17. А нет ли прецедента лишения ореола священности категорий «народ» и «государственный суверенитет»?

   Есть такой прецедент, как нельзя более актуальный сегодня. Уже в 1992-м году я проводил аналогию между дудаевским, гамсахурдиевским и гитлеровским режимами и идеологиями. Продолжу аналогию и на моральную оценку этих режимов и на методы борьбы с ними.
   Может ли быть виновен целый народ? Можно ли обвинять весь чеченский народ в преступлениях, творившихся и творящихся на территории Чечни со времени прихода к власти Дудаева?
   Но ведь ответ дан решениями Потсдамской конференции: «Союзные армии осуществляют оккупацию всей Германии, и германский народ начал искупать ужасные преступления, совершенные под руководством тех, которым во время их успехов он открыто выражал свое одобрение и слепо повиновался.
   Союзники не намерены уничтожить или ввергнуть в рабство немецкий народ.
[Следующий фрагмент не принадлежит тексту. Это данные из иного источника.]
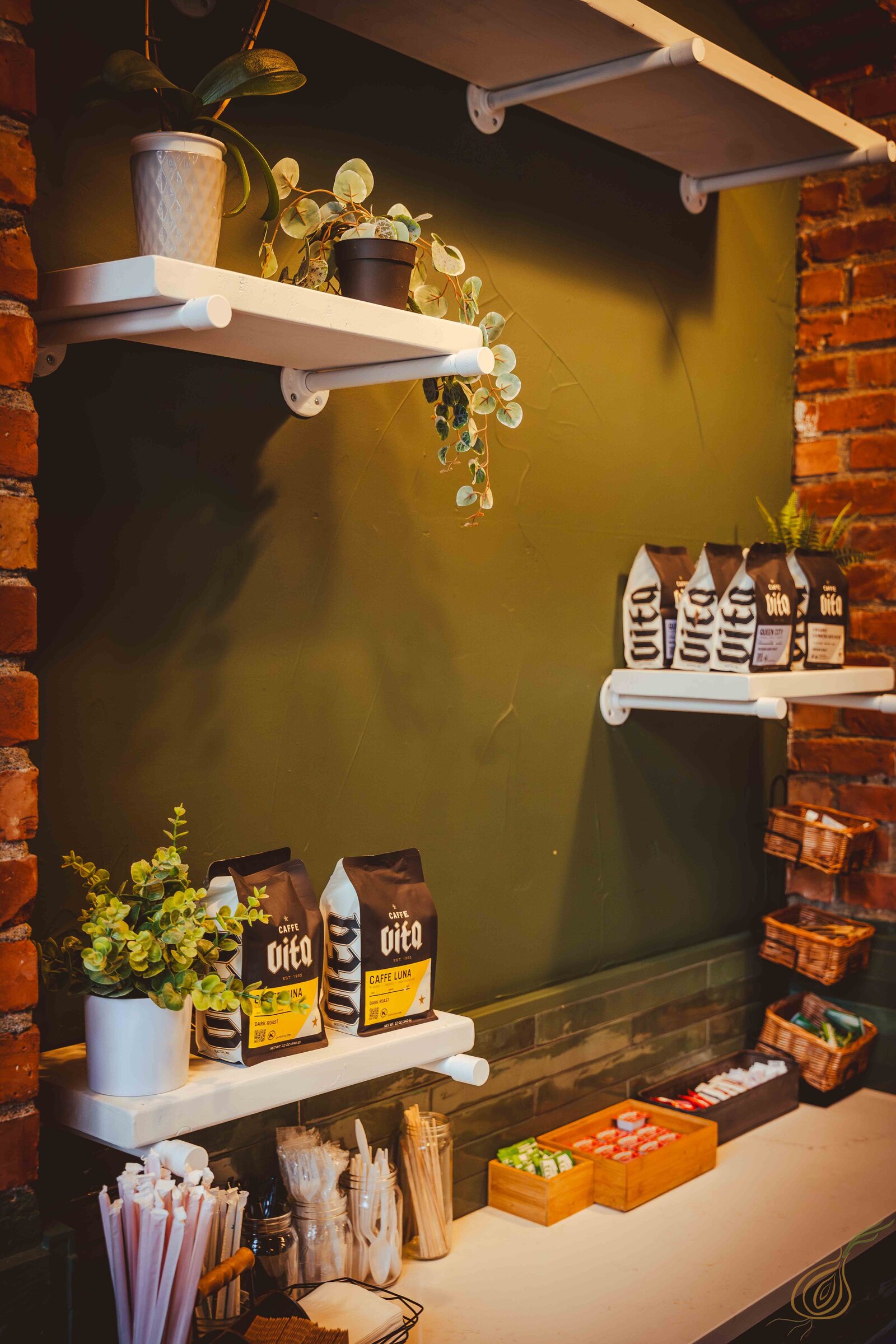 A shelf displaying an assortment of coffee products alongside various other items, showcasing diverse selections.
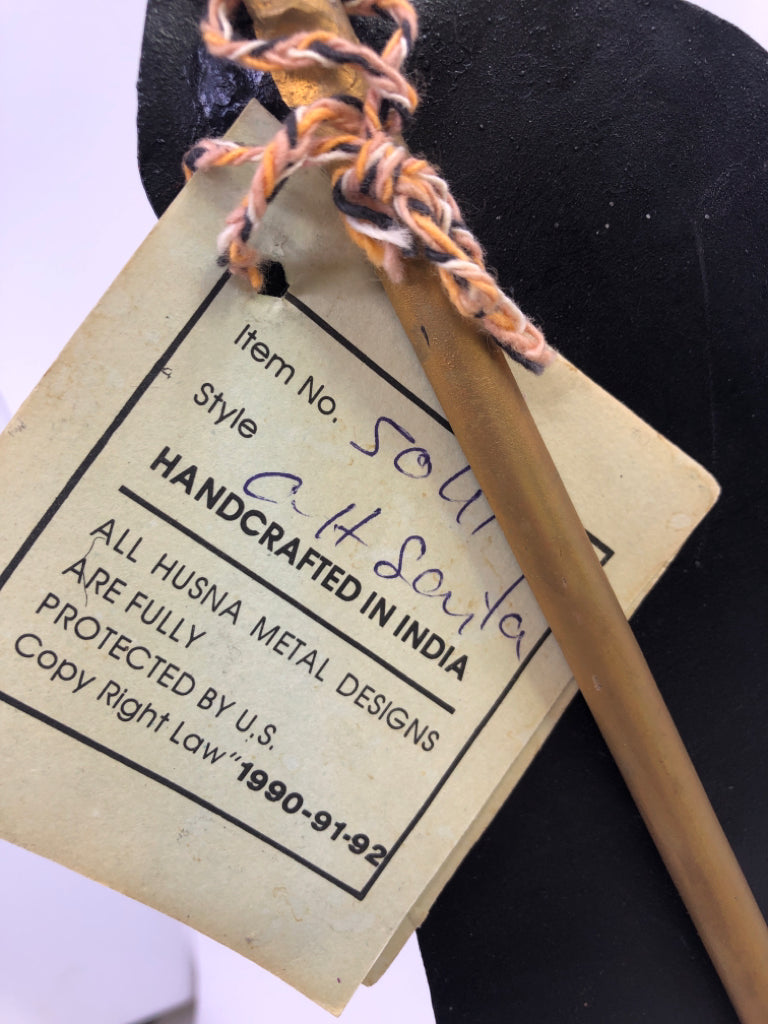 METAL SANTA TAPER CANDLE STICK.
Союзники намереваются дать немецкому народу возможность подготовиться к тому, чтобы в дальнейшем осуществлять реконструкцию своей жизни на демократической и мирной основе. Если собственные усилия германского народа будут беспрестанно направлены к достижению этой цели, то для него будет возможность с течением времени занять место среди свободных и мирных народов мира.
   Убедить немецкий народ, что он понес тотальное военное поражение и что он не может избежать ответственности за то, что он навлек на себя, поскольку его собственное безжалостное ведение войны и фанатическое сопротивление нацистов разрушили германскую экономику и сделали хаос и страдания неизбежными». («Тегеран. Ялта. Потсдам». Москва, 1970, стр. 386, 388).
   Итак, оккупация может быть демократической и ставящей целью демократию.
   Итак, народ может быть признан преступным и обязанным, и принужденным искупать преступления, совершенные под началом тех, кому он открыто выражал свое одобрение.
   Германия была лишена суверенитета, Германия была лишена собственной государственности, ибо оставление германскому народу государственной независимости грозило мировой войной, а тем самым и смертельной опасностью человечеству.
   Итак, государственная независимость, в случае абсолютно аналогичном чеченскому, была признана смертельно опасной для окружающих и потому недопустимой.
   Вот моральная основа для введения войск в Чечню и, быть может, как только станет очевидна смертельная опасность Чечни, чеченизма, чеченской морали и чеченского целеполагания для всего человечества, эти соображения станут моральной основой для введения новых союзных войск в Чечню и действий с нею в полной аналогии с действиями в отношении гитлеровской Германии.
   В марте 1983-го года в Чистопольской тюрьме я писал: «Оттого, что закрывали глаза на внутреннюю политику государства, с которым строили отношения, от неестественной этой и подловатой практики и произошел Мюнхен. Мы живем во времена, когда не можем и не должны, строя межгосударственные отношения, спокойно смотреть, как созревает государство-преступник, как натаскивается народ на высший уровень злобности к не таким, как он сам, как он обретает эту злобность… Это уже не внутренние дела, или это дела, которые суть откровенная предпосылка дел внешних». (Вазиф Мейланов «Из первых рук», Махачкала, 1990, стр.27).
   Тогда, в 83-м, эти рассуждения относились к Советскому Союзу, сегодня в 1995-м, эти рассуждения полностью приложимы к дудаевской Чечне. Оттого, что закрывали глаза, имевшие свободный доступ к российским средствам массовой информации, Ковалев и Гайдар на внутреннюю политику Чечни, от неестественной этой и подловатой практики и произошла вся сегодняшняя Чечня. Оттого, что облеченный властью господин правозащитник спокойно взирал, как созревает государство-преступник, как натаскивается чеченский народ на высший уровень злобности к не таким, как он сам, как он обретает эту злобность, и произошла чеченская война. В немалой степени из-за трусливой преступной политики проползших к власти Ковалевых, Гайдаров, Юшенковых, Шейнисов, Старовойтовых и т д., сегодня гибнут солдаты, женщины, дети.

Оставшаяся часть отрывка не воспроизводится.